Twinning Weekend is Upon Us Once Again




This week has been a tough week in many ways.  The death toll grows and grows in the Philippines from the type of natural disaster that is only going to become more common thanks to our reckless treatment of the environment.  The rollout of the health care law known alternatively as the Affordable Care Act, Obamacare, or Obama’s Albatross is going so badly that even the President is counted among its critics.  And in the Holy Land, we are finally getting progress reports of Secretary Kerry’s efforts over the past few months to broker a peace treaty – and not surprisingly, those reports are every bit as dire as we would have feared.  Any way you slice it, picking up the newspaper these days doesn’t exactly bring in rays of sunshine.

But you’ll forgive me this morning if I sing a different, and indeed, happy tune.  Because we are now embarking on what is known by an increasing number of people as a “Weekend of Twinning.”  Thanks to a New York-based organization called the Foundation for Ethnic Understanding  (http://www.ffeu.org/ ), this is the sixth annual weekend where Jews and Muslims from congregations all over the world get together in an effort to better appreciate their profound similarities and lovingly embrace their differences.   My own organization, the Jewish-Islamic Dialogue Society of Washington (JIDS) (http://www.jids.org/new/) is about to celebrate its fourth annual Twinning Weekend event this Sunday at the Muslim Community Center in Silver Spring, MD.  A few years ago, that mosque received notoriety because the Ft.

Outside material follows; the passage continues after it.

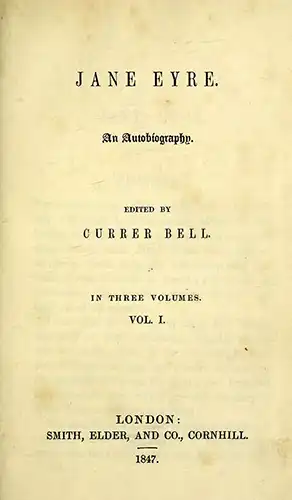 Jane Eyre Title Page Jane Eyre Title Page - 1847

Hood shooter had frequently prayed there.  Yet I know this mosque as an incredibly welcoming environment for Jews and other non-Muslims that is led by an imam who exudes holiness and who I am proud to call my friend.  In fact, you can even find a copy of my Moses the Heretic in its library.   Like the vast majority of American mosques, MCC is part of the solution, not part of the problem.

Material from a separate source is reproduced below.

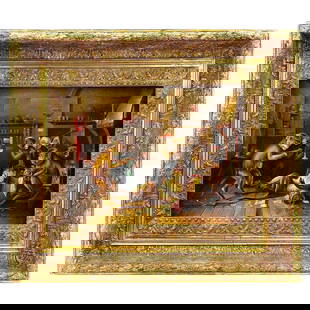 Debauched Monkeys Brawling and Boozing in a Dingy Tavern Painting: This rare and exceptionally well-preserved oil on copper painting presents a raucous and theatrically detailed tavern scene, in which a cast of monkeys—standing in for mankind—engage in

In the last five years, Twinning Weekend has become a bigger and bigger deal around the world.  I have read that there are now “twins” getting together on six different continents and that the number of twins has reached the 300 mark.  In my own hometown of Washington, D.C., interested parties can find twinning events at multiple locations this weekend.   Even my own home synagogue is getting together with a mosque and a church – thereby serving as a “triplet.”

If you don’t mind how divisive religion has become, or how chauvinistically and condescendingly religious people can behave, then feel free to ignore the interfaith movement and “stick to your own kind” whenever you set foot in a place of worship.  But if you would like to see religion become a source of social unity and heightened understanding among different cultures and creeds, then please join this movement … and no time is too soon.  Whether you are a Jew, a Muslim, a Christian, a Buddhist, or a Secular Humanist, it’s time to reach out and embrace the Other.  In fact, the Foundation for Ethnic Understanding’s theme for this Twinning Weekend is “Standing up for the Other.”  If ever there were a cause for the whole world to embrace, this is it.